WASHINGTON • President Donald Trump's mercurial politics is rattling Republicans heading into the 2018 mid-term campaign, sparking Trump-like primary challenges in two high-profile Senate races and a host of lower-profile House contests, while pushing a growing number of moderate House members to the exits.
Last Thursday, Representative Charlie Dent of Pennsylvania, a leader of the House Republican moderates, announced that he had had enough, following Representatives Dave Reichert of Washington and Ileana Ros-Lehtinen of Florida to a Trump-free retirement.
Trump-inspired candidates have emerged to challenge senators Dean Heller of Nevada and Jeff Flake of Arizona, two Republicans who have been targets of the President's ire, as well as House members seen as insufficiently devoted to Mr Trump, like Representative Mark Sanford of South Carolina.
And in a closely watched special Senate election in Alabama later this month, Mr Trump is waffling on his commitment to the incumbent, Mr Luther Strange, buoying the hopes of Mr Roy Moore, a former state Supreme Court justice and darling of the hard right.
"Is the House at risk? Absolutely," Mr Dent said.
Republicans fear Mr Trump has relinquished his role as party leader, instead assuming the mantle of his own political movement.
And they are bracing themselves for an election season in which their President does more to undermine than aid candidates of the party he ostensibly oversees.
Such open divisions mark an extraordinary departure from modern political tradition.

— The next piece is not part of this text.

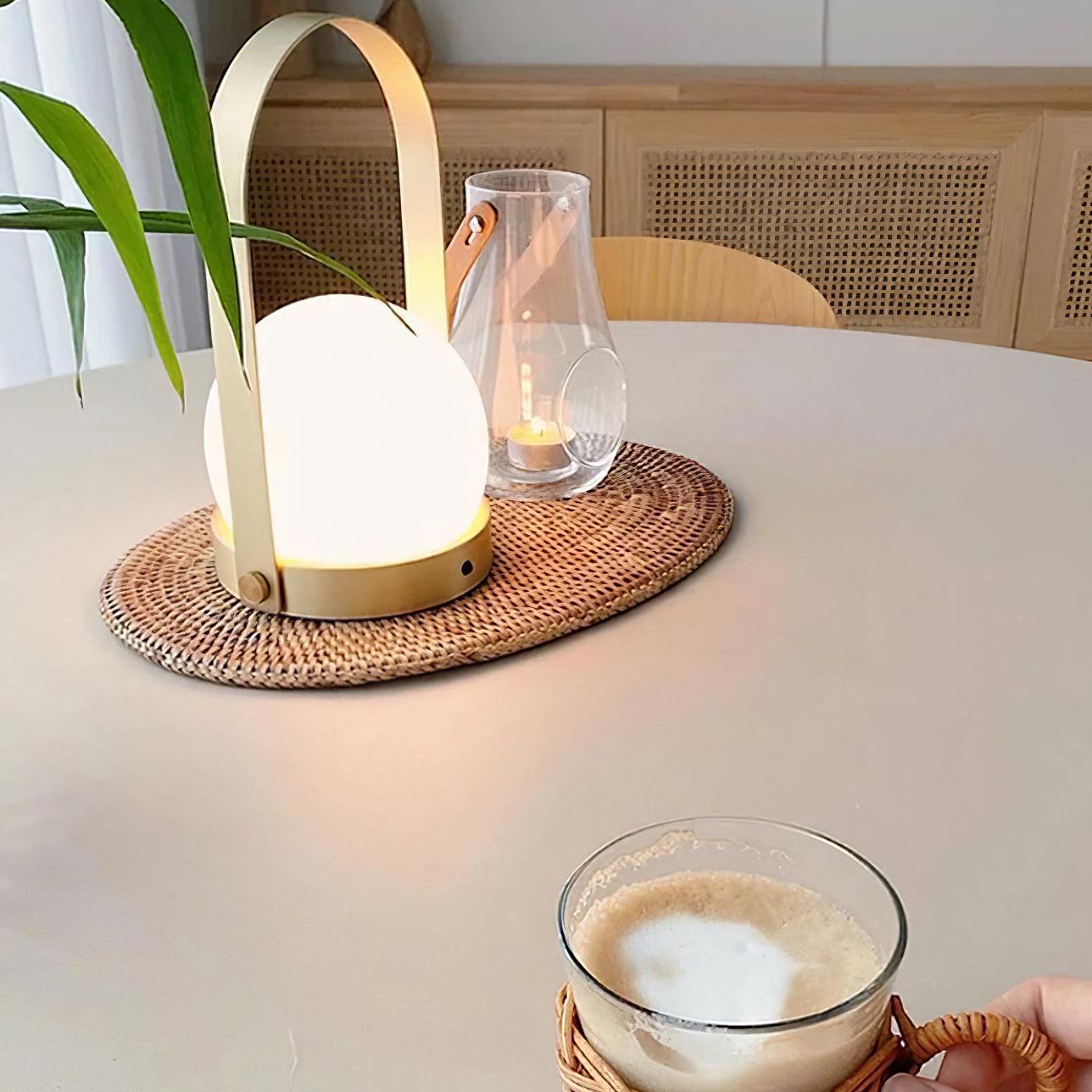 Lampe de table rechargeable sans fil Carrie – lumière chaude, nomade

Even if they feuded at times with their president, lawmakers knew they could ultimately count on the White House to endorse and raise money for incumbents, because controlling as many seats as possible would serve both their interests.
But Mr Trump's move last week to align himself with congressional Democrats over federal spending and hurricane relief cemented a view that he will not operate according to any such conventions.

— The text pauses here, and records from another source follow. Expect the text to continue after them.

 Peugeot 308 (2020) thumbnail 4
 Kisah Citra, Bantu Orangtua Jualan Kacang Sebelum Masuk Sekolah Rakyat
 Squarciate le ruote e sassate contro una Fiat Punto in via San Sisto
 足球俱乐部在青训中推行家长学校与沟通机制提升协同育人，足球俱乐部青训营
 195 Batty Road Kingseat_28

Ties between Mr Trump and congressional Republicans have frayed over the lawmakers' failure to deliver on key legislation and the President's constant badgering and personal attacks against them.

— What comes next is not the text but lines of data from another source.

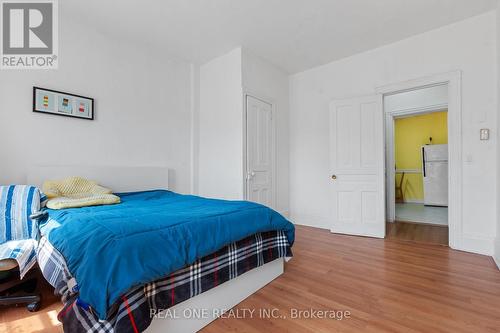 155 Victoria Avenue N, Hamilton, ON - Indoor Photo Showing Bedroom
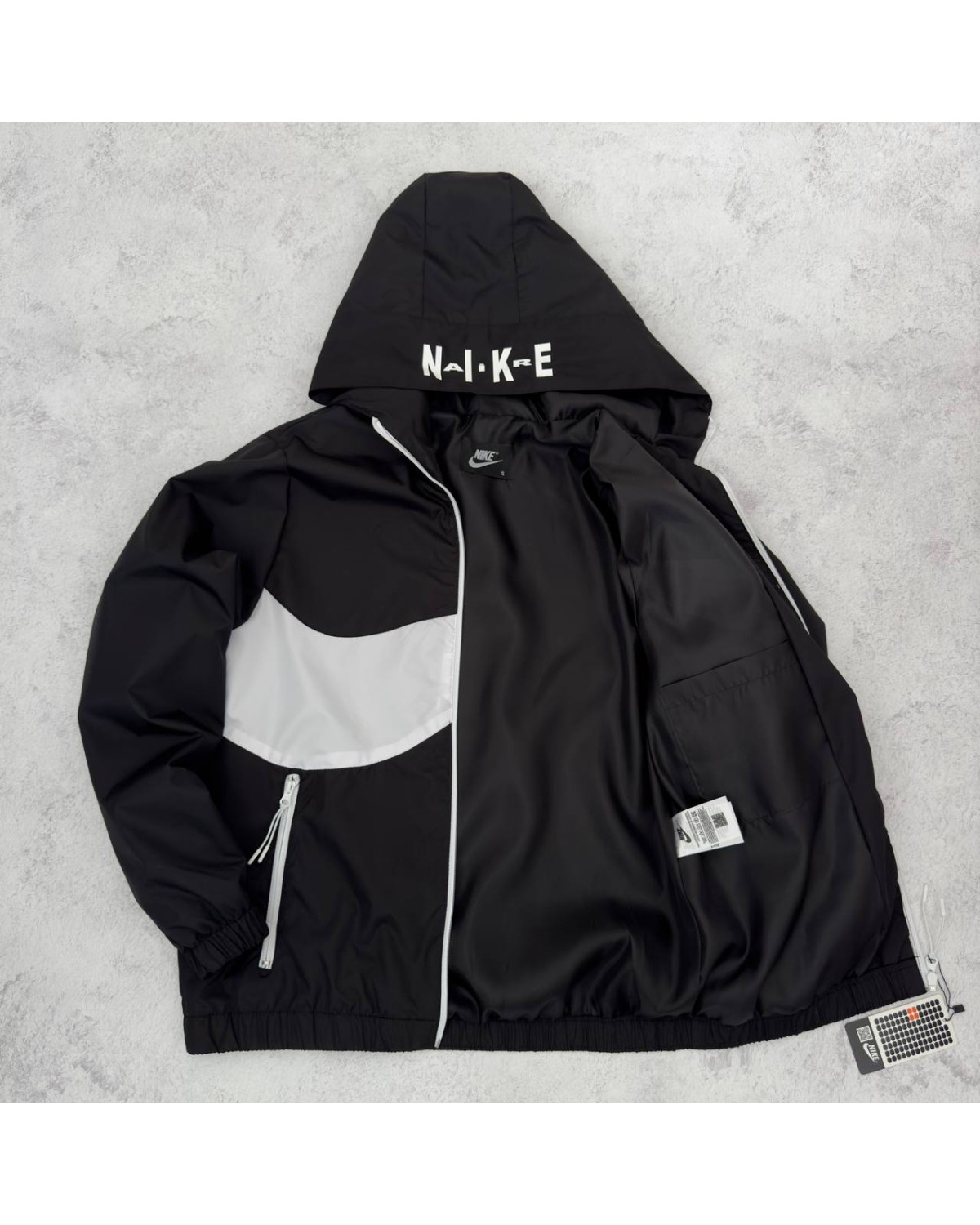 Вітрівка Nike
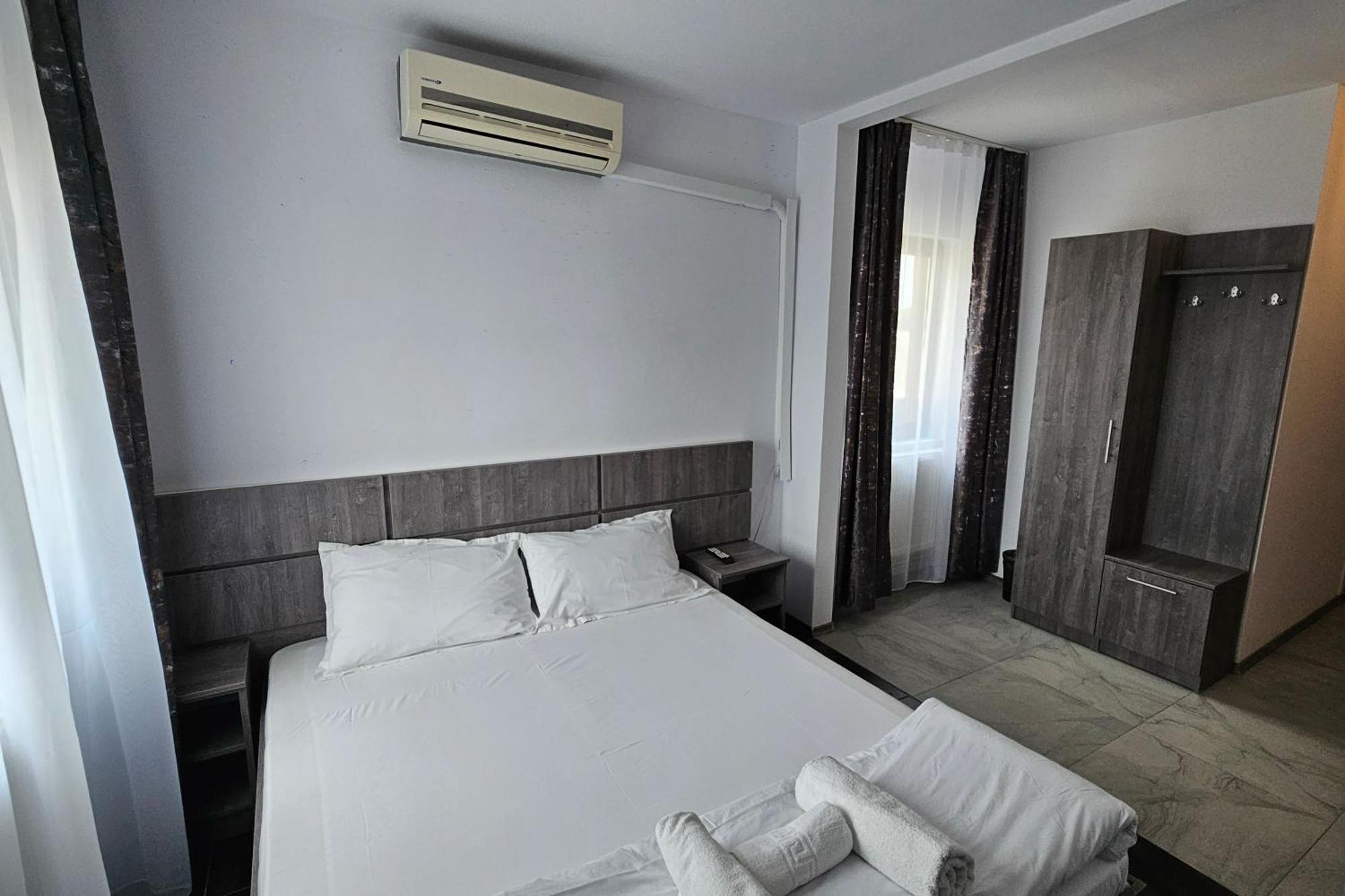 Flamingo Hotel Питещ Екстериор снимка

But even Republicans who are uneasy about Mr Trump say lawmakers must understand the grip he holds on the conservative grassroots. "If you would go to my county Republican clubs now, they are all about Trump," said Representative Tom Rooney, Republic of Florida. "He is the party."
Sceptics, however, say Mr Trump simply does not understand that his own fate may well hinge on the success of the party's candidates.
"Hopefully, the President recognises it's in his best political interest to have as many Republicans in the Senate as possible," said Senator John Cornyn of Texas, the No. 2 Republican in the Senate, adding: "I think he can count."